Konuşmasının sonunda CHP Genel Başkanı Kemal Kılışdaroğlu’nun açıklamalarını eleştiren Ünal, “Şimdi bu biliyorsunuz 2012’de AK Parti yine bir teklif getirmişti. Şimdi yeniden bunlar siyasetin de gündeminde. Kaçınılmaz olarak şimdi de yasalar, hukuk da dinamik bir süreçtir. Yani hukuk yaşayan bir organizmadır. Neden, değişen ihtiyaçları karşılamak için toplumsal dinamiklerin ortaya koyduğu yeni talepleri ve ihtiyaçları karşılamak için hukukunun kaçınılmaz olarak kendisini yenilemesi gerekir. Bugün siyasi partiler kanunuyla ilgili seçim kanunuyla ilgili ortaya çıkan yeni değişimlerin bir sonucu olarak bu tür komisyonlar oluşuyor, tartışılıyor, bunlar konuşuluyor. Burada ast olan Türkiye Büyük Millet Meclisi'nin vereceği karardır. Geçtiğimiz günlerde Kemal Kılıçdaroğlu Türkiye Büyük Millet Meclisi ve milletvekilleriyle ilgili çok aşağılayıcı bir ifade kullandı. Ve milletvekillerine dedi ki, ‘El kaldırıp indirmekten başka işe yaramayan’ gibi bir ifade kullandı. Bakın burada tamda bu konu açılmışken şunu söylemek istiyorum. Bu el kaldırıp indirmek Türkiye Büyük Millet Meclisindeki en önemli eylemdir. Çünkü Türkiye büyük millet Meclisinin asli görevi yasamadır, yasa yapmaktır. Dolayısıyla bu elli millet iradesini temsil eder.
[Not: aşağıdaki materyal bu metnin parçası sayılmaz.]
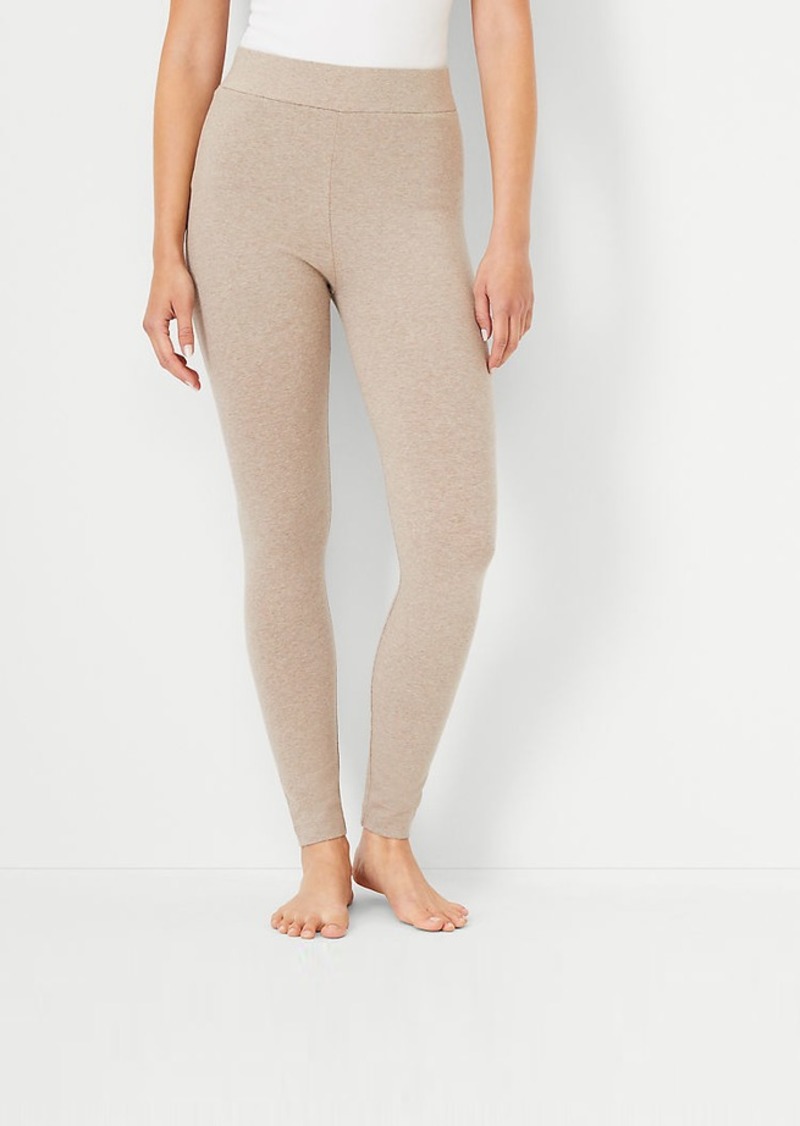 Ann Taylor Heathered Essential Leggings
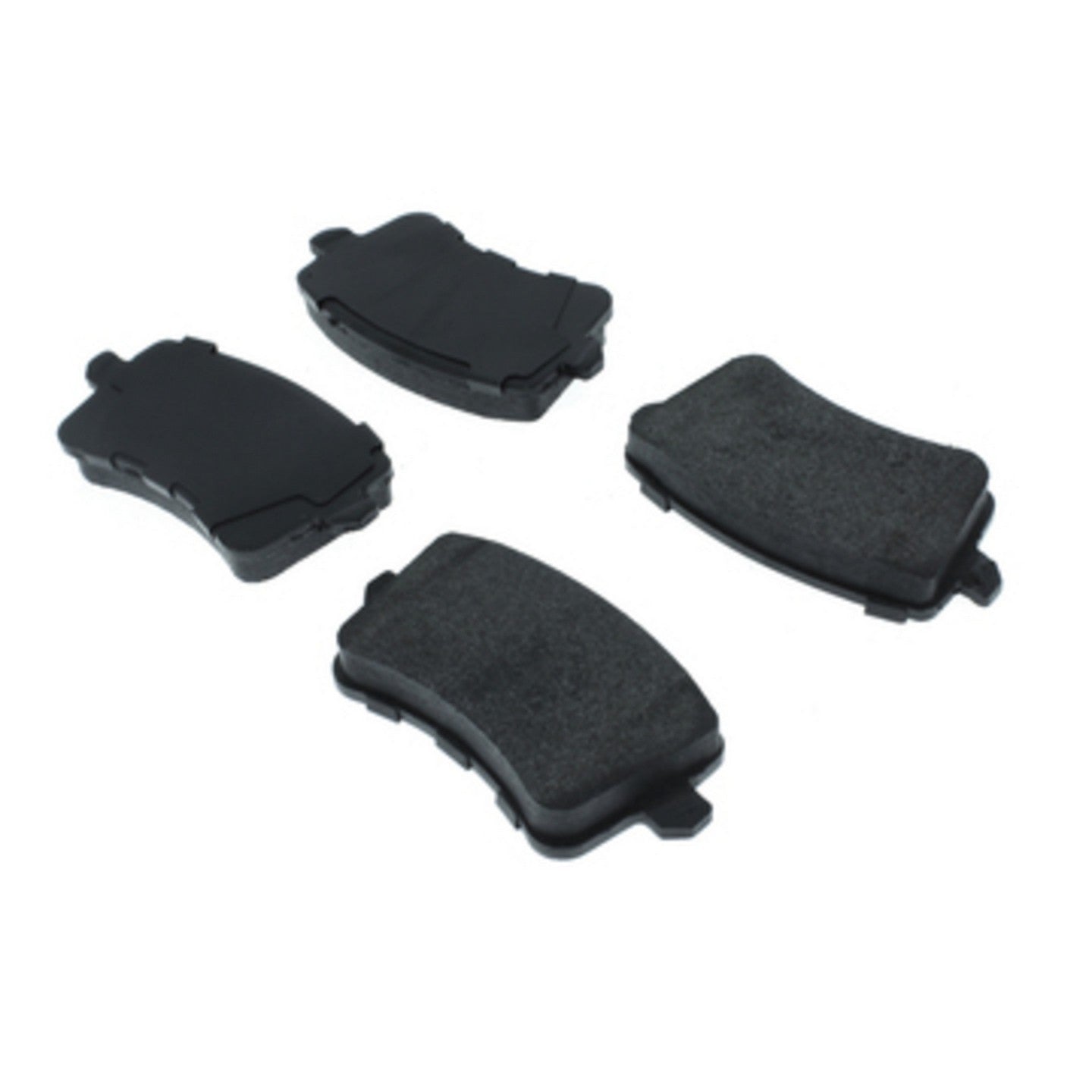 Stoptech PosiQuiet 09-10 Audi A4 / 10 Audi S4 Deluxe Plus Rear Brake Brake Pads 104.13860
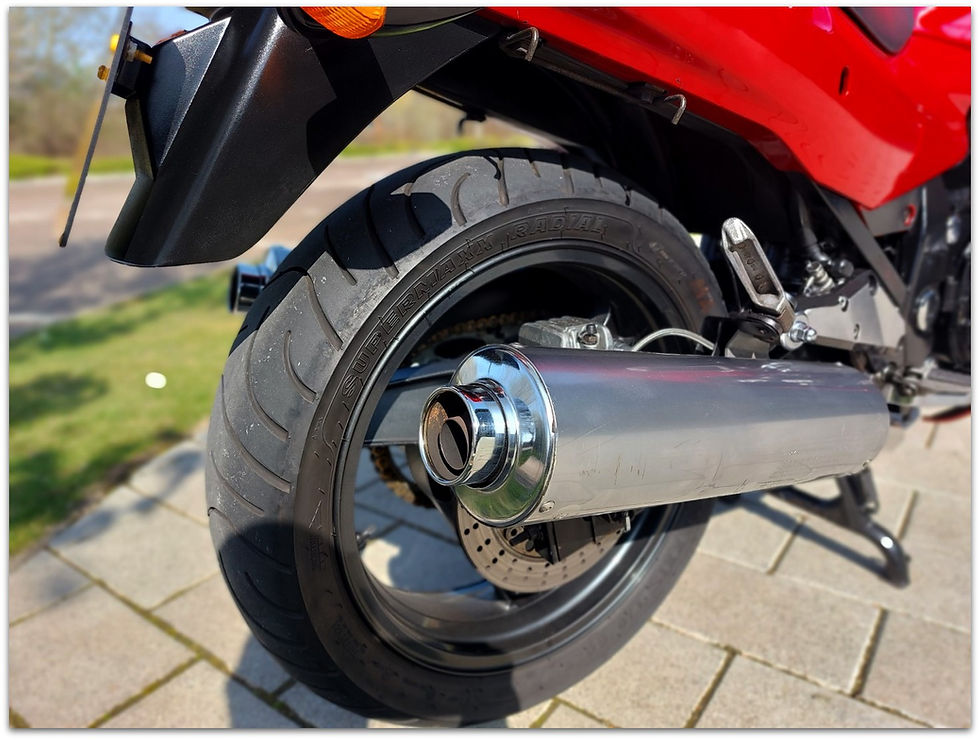 Thumbnail: SOLD - 1996 Kawasaki GPZ1100 just 18,000 miles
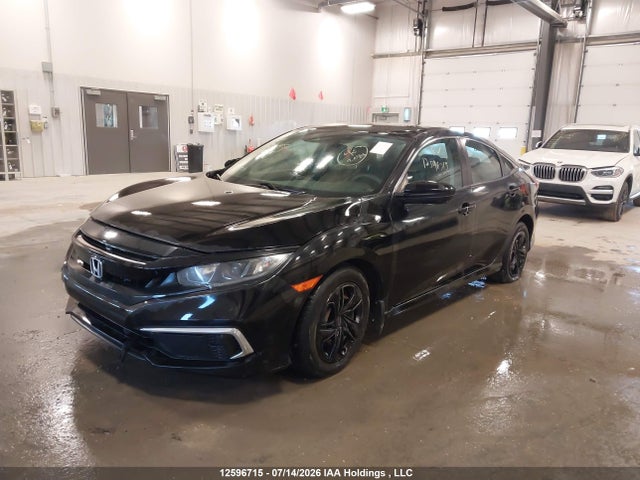 Honda Civic Lx 2021 2HGFC2F51MH014914 Image 2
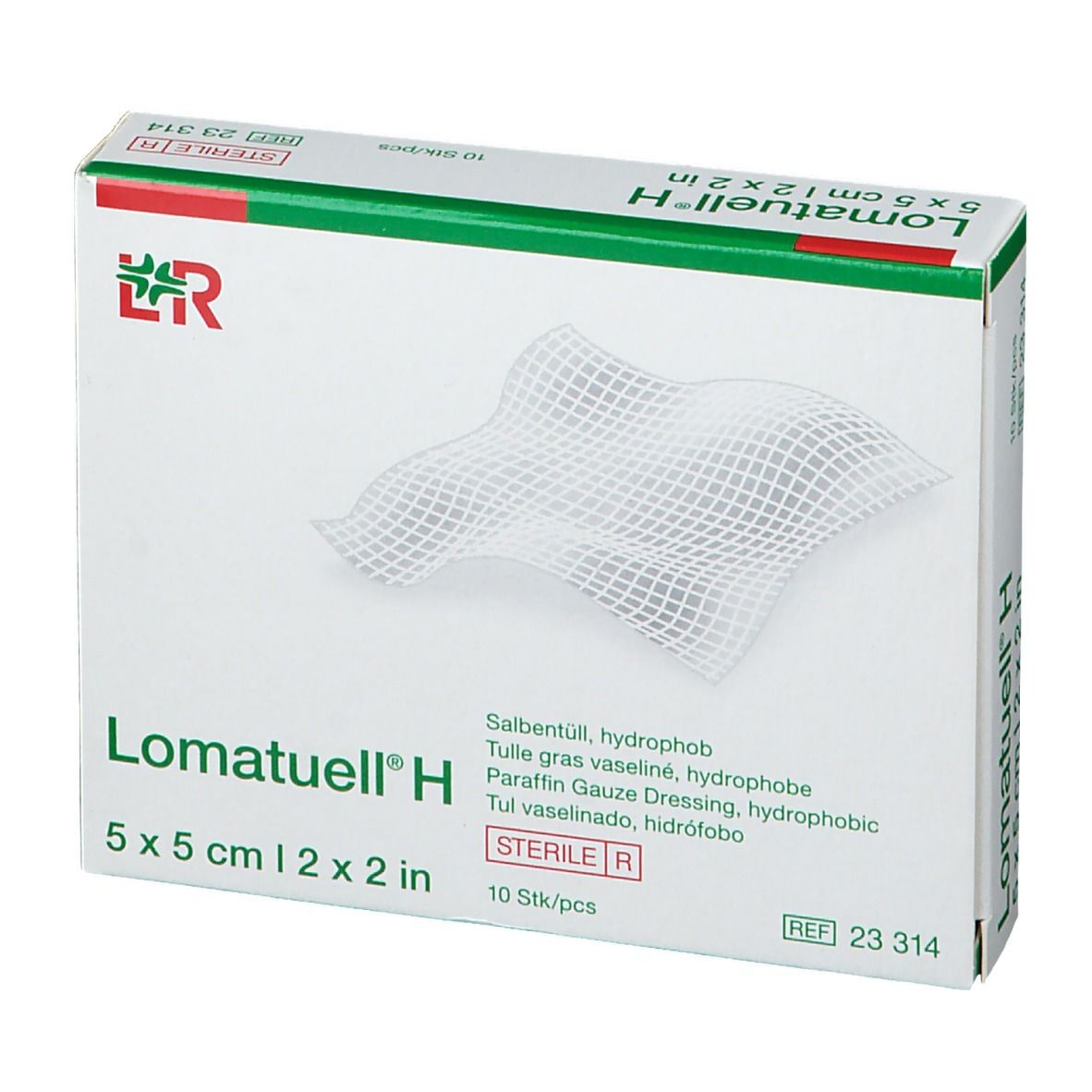 Lohmann & Rauscher Velpeau® Cotopads® 5 x 5 cm 500 pc(s) - Redcare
Yani bu evet dediğinde ya da hayır dediğinde yasa yapılır ya da yasa değişir. Yani milyonlarca insanın hayatına dokunan yasaları, anayasayı bu milletin temsilcisi olan milletvekilinin bu el kaldırıp indirmesi gerçekleştirir. O yüzden bu el kaldırıp indirmeyi hafife almak öncelikli olarak milletin iradesini ve milletin temsiline hafife almaktır. Çünkü Türkiye Büyük Millet Meclisinin yaslandığı yer egemenlik kayıtsız şartsız milletindir ilkesidir. O yüzden bütün bunlar tartışılır, konuşulur,  seçim kanunu siyasi partiler kanunu diğer yasalar. Ama bu nerede yasalaşırsa bu Türkiye Büyük Millet Meclisinde yasalaşır” dedi.